女子63キロ級で優勝し、金メダルを手に笑顔の伊調馨

レスリング世界選手権第4日 女子63キロ級

(9月15日 トルコ・イスタンブール)
 腫れ上がった右目と鼻が、激闘を物語っていた。女子で最多の45選手がエントリーした63キロ級で6試合を勝ち抜き、2年連続7度目の優勝を飾った伊調は「優勝は絶対しなくちゃいけないと思ってたのでホッとはしたけど、課題があって悔しい気持ち。試合数が多かったので省エネしちゃいました」といたずらっぽく笑った。

 厳しい組み合わせを勝ち抜いた。初戦は北京五輪銅メダルのシャリギナ(カザフスタン)戦。いきなりバッティングで鼻の軟骨を骨折するアクシデントに見舞われた。2回戦の開始前には割り箸を鼻に入れて矯正。3回戦では目を突かれ、右目の視界が狭くなった。それでも最後まで1ポイントも相手に許さず、女王の座を守りきった。

 08年北京で五輪連覇を果たした後はカナダ留学を経て、練習拠点を東京に変えた。全日本男子の合宿に参加し、全てのメニューをこなした。技術論に感銘し「今はレスリングが楽しい」。悔しい気持ちは、身につけた全ての技術を発揮できなかった“探求心”の表れでもあった。

 「とにかくロンドンではその時点でできる最高のレスリングを披露したい。私にとって、ロンドンがゴールではないと思うんで」。北京後には引退も示唆した27歳がたどり着いた、新たな境地。国内には山本、西牧と世界女王経験者が待つ黄金階級だが、伊調の強さは別格の輝きを放ちつつある。

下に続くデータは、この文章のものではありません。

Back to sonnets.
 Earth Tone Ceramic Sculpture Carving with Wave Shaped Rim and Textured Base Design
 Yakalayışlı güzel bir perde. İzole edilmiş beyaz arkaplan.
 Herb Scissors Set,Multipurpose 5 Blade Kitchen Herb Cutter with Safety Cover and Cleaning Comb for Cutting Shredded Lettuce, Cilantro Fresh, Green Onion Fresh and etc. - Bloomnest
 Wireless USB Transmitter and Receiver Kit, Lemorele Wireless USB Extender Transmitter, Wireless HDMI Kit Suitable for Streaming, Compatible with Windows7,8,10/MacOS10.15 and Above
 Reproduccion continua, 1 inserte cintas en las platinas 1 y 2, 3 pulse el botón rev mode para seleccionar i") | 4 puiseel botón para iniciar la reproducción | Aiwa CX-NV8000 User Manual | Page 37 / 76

 ≪姉・千春現役復帰?!「いつかまた私も」≫伊調の姉で、現在青森・八戸西高で教員を務める千春も休暇をとって観戦。「厳しい組み合わせだったから、決勝が一番安心して見られた」と笑顔を浮かべた。アテネ、北京と姉妹で戦ってきたが、ロンドンは断念。1人で戦いを続けている妹に「今はレスリングの話を楽しそうに話している。私は出場はしないけど、戦う気持ちは一緒」とエールを送り「いつかまた私も戦えれば」と現役復帰の希望まで口にした。

 ◆伊調 馨(いちょう・かおり)1984年(昭59)6月13日、青森県生まれの27歳。中京女大(現至学館大)出、ALSOK所属。姉の千春さんと出場した04年アテネ、08年北京両五輪で金メダル。北京五輪後にカナダ留学などで約1年間休養したが、09年に復帰。昨年の世界選手権で6度目の世界一。1メートル66。